Who am I?

Hi! My name is Flavius, and I've been working as a machine learning engineer for almost 7 years now. I've been working on various computer vision tasks, ranging from object detection, back when YOLO wasn't the coolest kid around the block, to encoding images and signals in the same embedding space using multi-modal models.

Last year I built and grew Audiolizer to over 1k signups, together with my partner. This year I've decided to share my experience about both Audiolizer and my research career, and writing a blog seems the best option. We aim to touch on various technical subjects in this blog, in a hopefully weekly manner, while also releasing personal posts and updates from time to time.

Why Audiolizer?

The AI industry evolves at a crazy pace, and I always felt like I was behind.

Every week comes with a new state-of-the-art paper, and I just don't find it humanly possible to keep up with while also having to code and maintain an active life in general. I also have a very bad character trait that makes me constantly compare myself with my peers, and everyone seems to be able to put more effort and ingest more information than I am.

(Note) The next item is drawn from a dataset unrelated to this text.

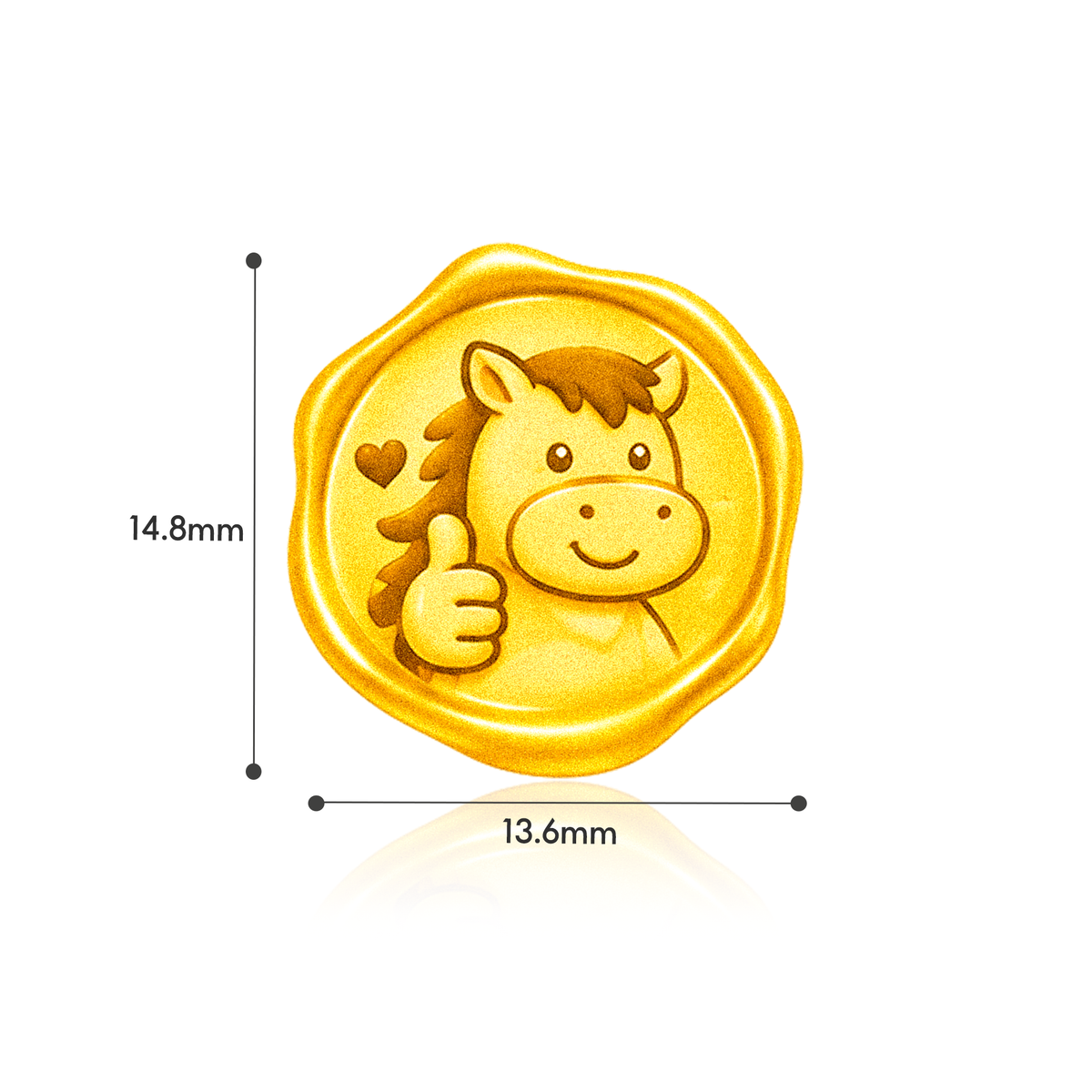 TAKA Jewellery 999 Pure Gold Chinese Zodiac Collection Display Pieces - Wax Seal Shape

This frustration slowly grew on me, and I had to find a solution that would make me feel like I'm doing more. I figured that I don't have enough research ideas because I never have enough time to read and understand the new papers, while I always felt that I had a lot of dead times when I was washing dishes or driving to work. And that's how Audiolizer's idea was born.

What is Audiolizer?

Audiolizer is a platform where you can convert any research work, from papers to journals, into audio content. I quickly understood that simple text-to-speech would never work because audio content requires way more focus to be understood.

Because they are meant to be read, papers contain a ton of visual data that can't be translated into audio without losing content. Audiolizer solves this by firstly sending the paper to GPT-4o. The LLM reads the paper and sees the tables and figures. It then tries to break it down into a few main sections that are explained in natural language, aiming to maintain as much content after it translates it into audio.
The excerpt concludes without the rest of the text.